Her biggest strength is her fearlessness, she believes. “There have been instances when people have told me that they find it difficult to make out if it’s a boy or a girl riding solo, considering I wear leather jackets and cargo pants. But this time, I am carrying a patiala suit with me, which I often wear while riding to make people comfortable with the idea that women too can bike,” she says. So, how challenging has it been so far? “Considering the fact that biking has always been considered a male domain, there have been roadblocks like people staring or chasing her the moment they realise it’s a woman behind the handlebars, but that does not make the journey more difficult. In fact, I have got more thumbs up than stares from people on the road,” she answers with a smile.
Pose right: Gupta, who is originally from Bengaluru, is an avid traveller
It was her Ladakh trip in 2013 that prompted her to buy a bike in February the next year and embark on solo bike rides. “The Nirbhaya incident was in the news then.

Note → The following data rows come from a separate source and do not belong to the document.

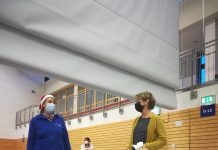 Verabschiedung von Katrin Siegel-Kallisch nach 25 Jahren ehrenamtlicher Tätigkeit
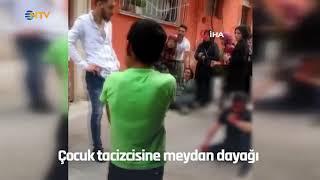 NTV | Çocuk tacizcisine meydan dayağı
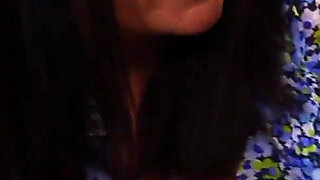Threesome lesbian action with two blondes and brunette
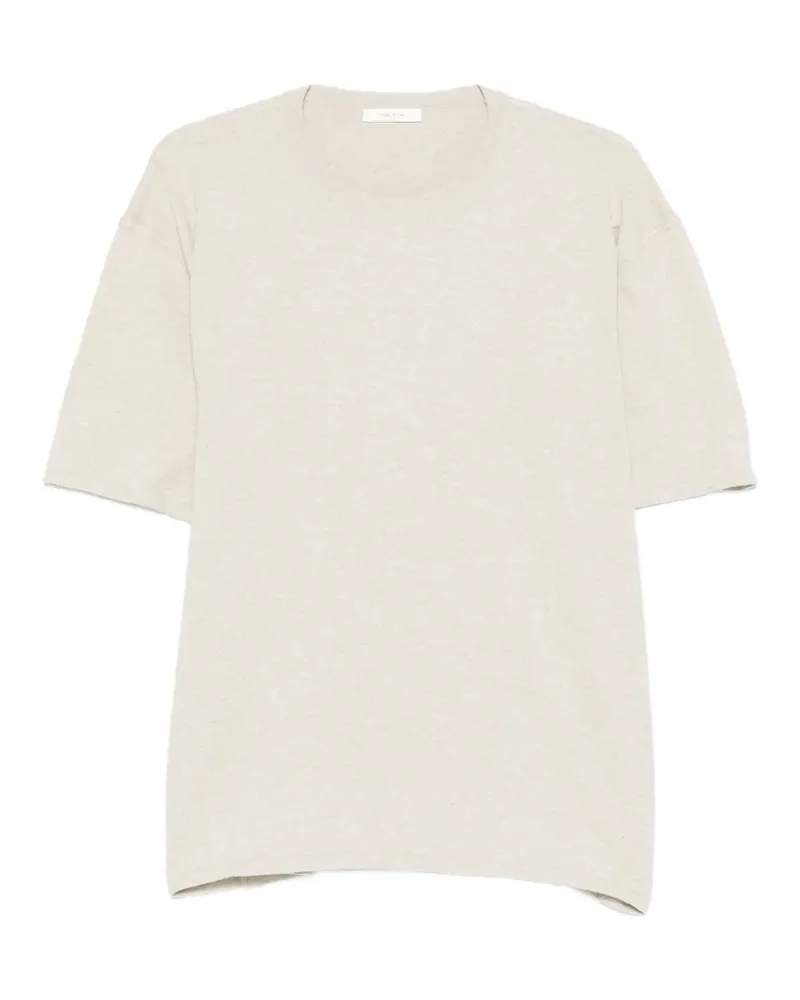 The Row short-sleeved T-shirt - Nude Nude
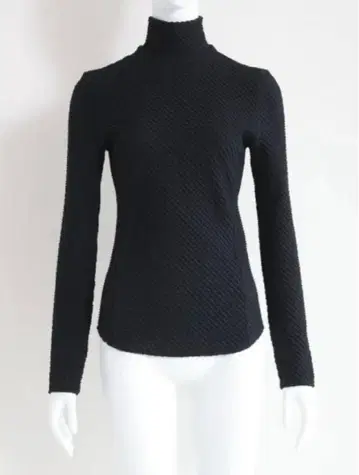 새상품 mame Shirring Jersey Jacquard 상의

I met some foreign female travellers who have been coming to the country for the last 30 years. They told me that they do not find India to be that dangerous, rather it is a bright beautiful country, a heaven for travellers. Sadly, the focus of our media is just on the negative side,” she says.

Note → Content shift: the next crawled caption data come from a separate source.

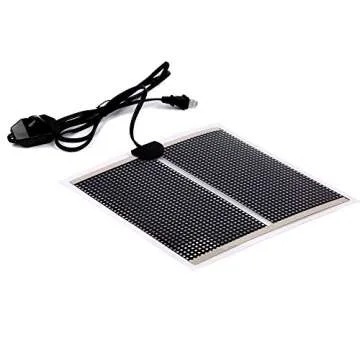 BNYEE Reptile Under Tank Heating Pad - 14W /110V Terrarium Heating Pad Warmer Heater Mat with Temperature Control for Reptile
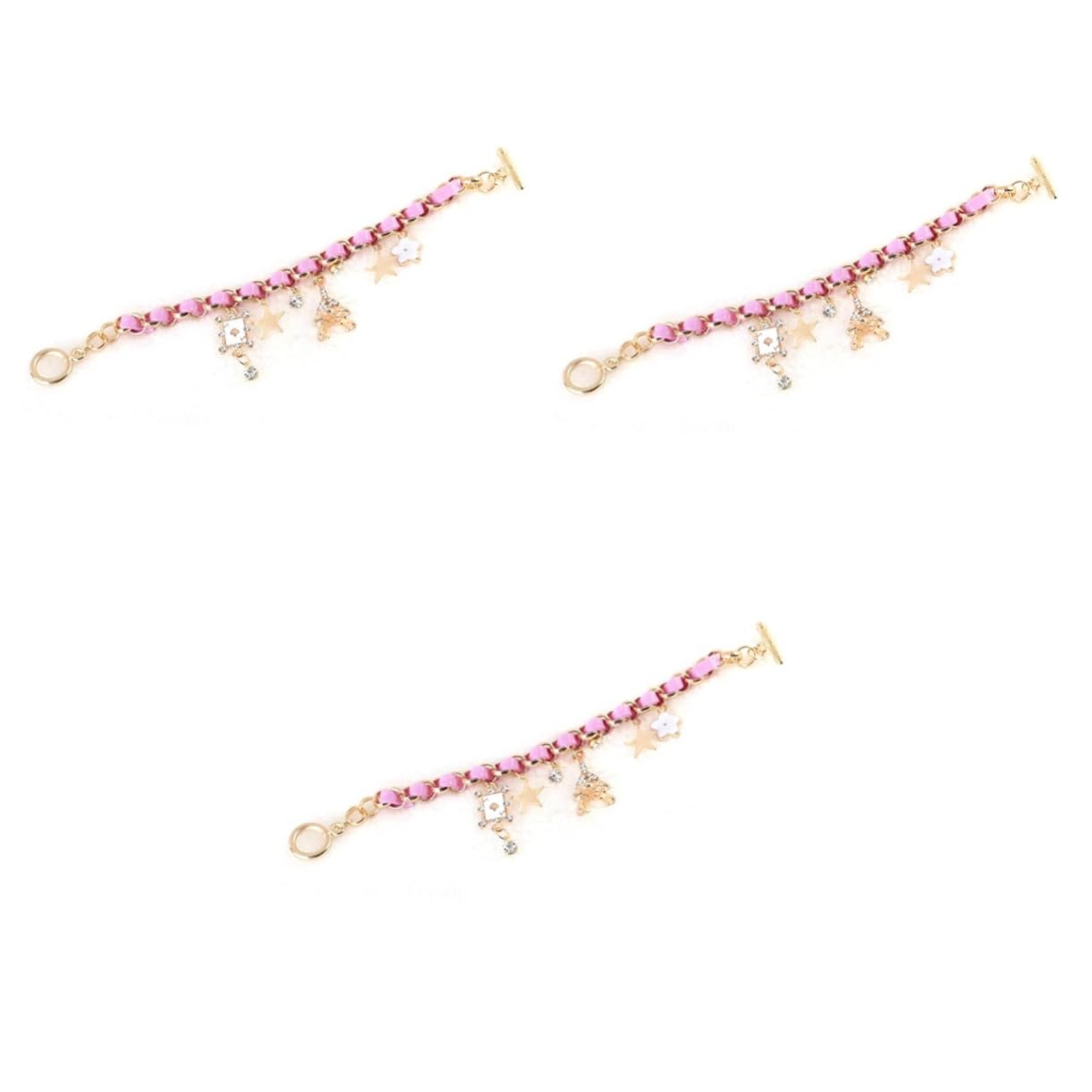 Bracelet pour Femmes Set Idéal Cadeau Bijoux Tower pour Fêtes - 8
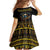 Ancient Egypt Eye Of Ra Family Matching Summer Maxi Dress and Hawaiian Shirt Sun To The Egyptians - Wonder Print Shop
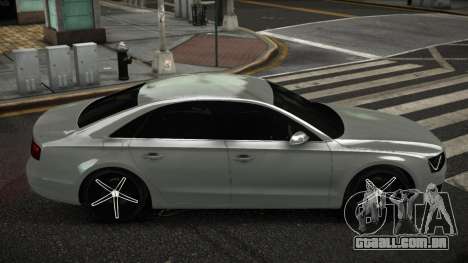 Audi A8 Ragrofuw para GTA 4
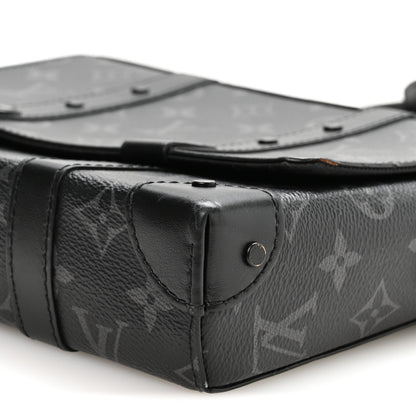 Louis Vuitton Monogram Eclipse Trunk Messenger 9 of 10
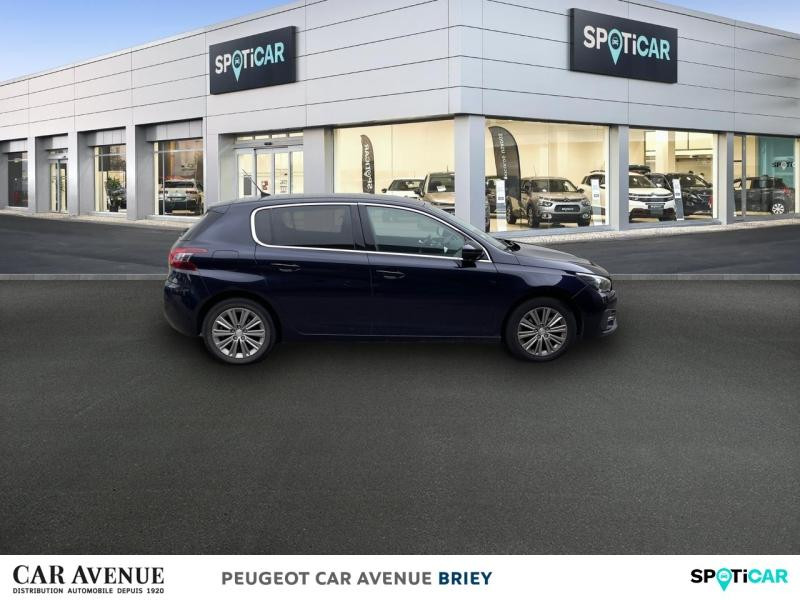 Occasion PEUGEOT 308 1.5 BlueHDi 130ch S&S Allure 2018 Bleu Magnetic 12990 € à Briey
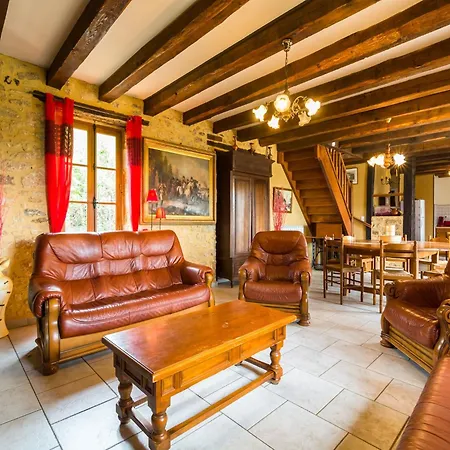 Prázdninový dům Blanquefort Hill Retreat Saint-Cernin-de-lʼHerm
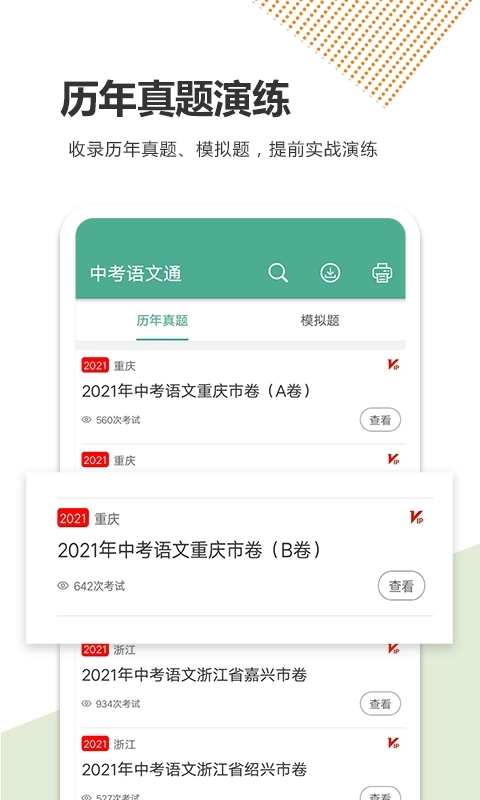 中考语文通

While she carries a GPS tracker with an SOS button around her neck, so that her friends back home know her exact location, her bike is also fitted with a GPS device. She does not travel during nights and has equipped herself with the knowledge of bike repairing techniques. Although some of her travels are sponsored by biker clubs, she began the journey with savings from her corporate job.
And she chose an Avenger over a Bullet because of her height. “It took me several months to decide on the Avenger. Weighing 157 kg, this one suits my height. I can at least take care of it myself if it breaks down in the middle of my journey,” says Gupta, who is just a little over 5 feet tall. After she bought Mikey, Gupta completed 1,000 km on a three-day monsoon ride as the only woman rider with Bengaluru Avenger Club, covering 20 towns in Western Ghats, a solo trip of 1,955 km covering Bengaluru, Mangaluru, Udupi, Gokarna, Goa and Shimoga and a 4000 km solo trip to Masinagudi, Ooty and Coimbatore. “The fifth day after I bought my bike, I took a 1000 km ride to Coimbatore along with my friend,” she recalls. “I am not passionate about bikes, but I am passionate about biking,” Gupta adds.
All smiles: Gupta posing with her Bajaj Avenger
Living life to the fullest
Gupta, apparently, had tried her hands at several things before venturing into biking. She was a housekeeping manager in a five star hotel, a dancer with the Shiamak Davar troupe, a fitness (pilates) trainer and a facility manager in an MNC, before she decided to set out on her bike on the Golden Quadrilateral ride. “I know my strengths, but proving oneself in a field where no one is appreciating you is not worth it. So, I quit the MNC job and decided to embark on something that I would enjoy — travelling,” she says. Her journey is certainly creating a path towards a better tomorrow that is devoid of societal perceptions about women pursuing their love for travel.